25 Eylül 2011 Pazar

Likya Yolu (Kabak Koyu-Boğaziçi)

   Sabahın ilk ışıklarını görmeden uyanıp, çadırımızı toplamamız lazım. Bugün hedefimiz Boğaziçi köyü. Oldukça uzun bir etap. Normalde kitapta 2 günde yürünmesi gereken parkurlardan biri olarak gösterilen bu parkuru 1 günde yürümeye karar veriyoruz. Ekstra bir performans göstermemiz gerekiyor anlayacağınız. Kitap da bu zorlu yolculuğun işaretlerini bize şu cümleler ile veriyor zaten: " Mutlaka karnınızı iyice doyurun. Çünkü başınızın üzerindeki bulutlarla aynı boydaki bir dağa, Alınca'ya tırmanacaksınız. Yani yediğinizin he zerresine ihtiyacınız olacak" Alınca 850 metre yüksekliğinde bir dağ. Biz ise deniz seviyesindeyiz. Yolumuz zor, vaktimiz az deyip konservelerimizi çıkarıyor, ton balık-küflü ekmek kombinasyonuyla kahvaltımızı yapıyoruz. Yolculuk vakti..Yol üzerindeki performansımıza bağlı olarak vadi içerisindeki şelaleye de ufak bir yürüyüş yapabiliriz belki diye düşünüyor sonra vazgeçiyoruz. Ne kadar haklı olduğumuzu ise dağa tırmanırken anlıyoruz. Çünkü şu anda Likya Yolu'nun en zor etaplarından birini hatta Tahtalı Dağı (2200m) etabından sonraki en zor etabını yürüyoruz.

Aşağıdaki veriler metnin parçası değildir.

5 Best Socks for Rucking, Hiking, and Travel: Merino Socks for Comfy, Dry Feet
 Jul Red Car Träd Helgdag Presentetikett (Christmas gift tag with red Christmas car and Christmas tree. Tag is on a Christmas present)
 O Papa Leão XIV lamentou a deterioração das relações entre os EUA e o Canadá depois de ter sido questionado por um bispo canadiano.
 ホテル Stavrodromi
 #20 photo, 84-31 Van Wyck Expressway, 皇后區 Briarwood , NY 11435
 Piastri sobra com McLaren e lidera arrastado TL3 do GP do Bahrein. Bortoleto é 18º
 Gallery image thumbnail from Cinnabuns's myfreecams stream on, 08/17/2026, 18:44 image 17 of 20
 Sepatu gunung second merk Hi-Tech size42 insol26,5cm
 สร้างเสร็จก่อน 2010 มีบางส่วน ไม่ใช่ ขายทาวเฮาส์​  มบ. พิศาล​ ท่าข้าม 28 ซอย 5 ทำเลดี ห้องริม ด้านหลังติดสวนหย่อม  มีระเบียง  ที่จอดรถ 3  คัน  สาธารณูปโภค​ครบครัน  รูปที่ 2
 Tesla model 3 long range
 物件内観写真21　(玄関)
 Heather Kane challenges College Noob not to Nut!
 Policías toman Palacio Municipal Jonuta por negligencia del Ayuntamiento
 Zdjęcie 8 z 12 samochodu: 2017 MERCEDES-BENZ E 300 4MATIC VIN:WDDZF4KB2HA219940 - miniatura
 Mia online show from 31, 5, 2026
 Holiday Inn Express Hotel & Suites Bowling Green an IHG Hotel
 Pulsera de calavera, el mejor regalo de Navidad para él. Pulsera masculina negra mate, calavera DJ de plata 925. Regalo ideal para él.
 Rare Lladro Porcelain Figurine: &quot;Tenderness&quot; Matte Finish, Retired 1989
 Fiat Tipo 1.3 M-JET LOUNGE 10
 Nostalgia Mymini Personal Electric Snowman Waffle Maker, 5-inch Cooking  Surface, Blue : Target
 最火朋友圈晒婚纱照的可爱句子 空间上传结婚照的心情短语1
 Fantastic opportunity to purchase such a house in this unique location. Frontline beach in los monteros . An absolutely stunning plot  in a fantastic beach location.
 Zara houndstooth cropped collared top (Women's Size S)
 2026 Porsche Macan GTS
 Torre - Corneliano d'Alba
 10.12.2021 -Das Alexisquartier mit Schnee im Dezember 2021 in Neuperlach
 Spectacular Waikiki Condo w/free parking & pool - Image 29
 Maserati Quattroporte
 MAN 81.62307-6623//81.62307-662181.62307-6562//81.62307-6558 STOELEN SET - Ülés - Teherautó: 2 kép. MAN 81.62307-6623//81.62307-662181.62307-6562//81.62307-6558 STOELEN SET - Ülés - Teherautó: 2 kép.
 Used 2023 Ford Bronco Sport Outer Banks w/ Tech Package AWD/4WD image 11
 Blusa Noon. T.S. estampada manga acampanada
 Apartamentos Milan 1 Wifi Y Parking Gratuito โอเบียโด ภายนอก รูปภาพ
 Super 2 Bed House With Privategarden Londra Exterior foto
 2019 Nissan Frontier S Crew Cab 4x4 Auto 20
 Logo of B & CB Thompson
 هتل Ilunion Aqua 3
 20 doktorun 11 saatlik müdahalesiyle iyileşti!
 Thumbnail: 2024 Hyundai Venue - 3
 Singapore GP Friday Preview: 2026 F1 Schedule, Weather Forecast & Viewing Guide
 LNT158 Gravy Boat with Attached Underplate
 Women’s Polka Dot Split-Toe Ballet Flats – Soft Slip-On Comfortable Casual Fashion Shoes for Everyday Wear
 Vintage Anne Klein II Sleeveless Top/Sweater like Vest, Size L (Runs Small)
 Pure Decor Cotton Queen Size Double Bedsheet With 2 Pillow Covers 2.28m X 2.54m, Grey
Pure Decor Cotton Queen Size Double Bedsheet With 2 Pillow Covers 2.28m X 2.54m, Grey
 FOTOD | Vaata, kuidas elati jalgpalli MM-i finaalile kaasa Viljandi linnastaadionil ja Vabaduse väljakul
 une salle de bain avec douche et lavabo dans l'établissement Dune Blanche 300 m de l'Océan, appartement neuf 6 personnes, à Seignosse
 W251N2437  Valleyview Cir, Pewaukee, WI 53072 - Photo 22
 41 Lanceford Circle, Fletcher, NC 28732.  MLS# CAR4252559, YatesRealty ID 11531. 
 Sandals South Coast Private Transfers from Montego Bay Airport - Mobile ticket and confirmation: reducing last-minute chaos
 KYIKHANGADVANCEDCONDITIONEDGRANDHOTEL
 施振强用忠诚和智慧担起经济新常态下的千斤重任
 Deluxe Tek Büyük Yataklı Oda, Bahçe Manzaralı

Yol üzerindeki dere yatakları kurumuş. Eğer bu dereler akıyor olsaydı nasıl geçerdik diye düşünmeden de edemiyoruz. Çantalarımızı indirip daha sonra kendimizin karşıya geçmesi gerekiyor. Başlarda bu tip atlamalı, zıplamalı yürüyüş parkurları hoşumuza gitse de yürüdükçe zorlaşan bu yol bizi oldukça zorluyor.     O kadar yoruluyoruz ki ilk günlerde 50 dakikada bir verdiğimiz molalar bu parkurda 10 dakikada bir seviyesine kadar geriliyor. Tırmanışlı parkurlarda sohbet etmek de pek mümkün olmuyor çünkü direk nefes nefese kalıyorsunuz. Bir mola yerinde kitabımızı açıyoruz, tırmanışımızın sonunda göreceğimiz manzaraya bakıyoruz, tekrar devam ediyoruz..Yol üzerindeki en büyük motivasyon kaynağımız bu.. Derken yoldaki işaretler yer yer silinmeye başlıyor. Oldukça da ürkütücü bir yerdeyiz. Ve nihayet beklenen oluyor yol işaretlerini kaybediyoruz. Birtakım mahlukat sesleri -ki biz onları "dalga" diye nitelendiriyoruz- de cabası. Neyseki o mahlukatlar dağ keçileri çıkıyor.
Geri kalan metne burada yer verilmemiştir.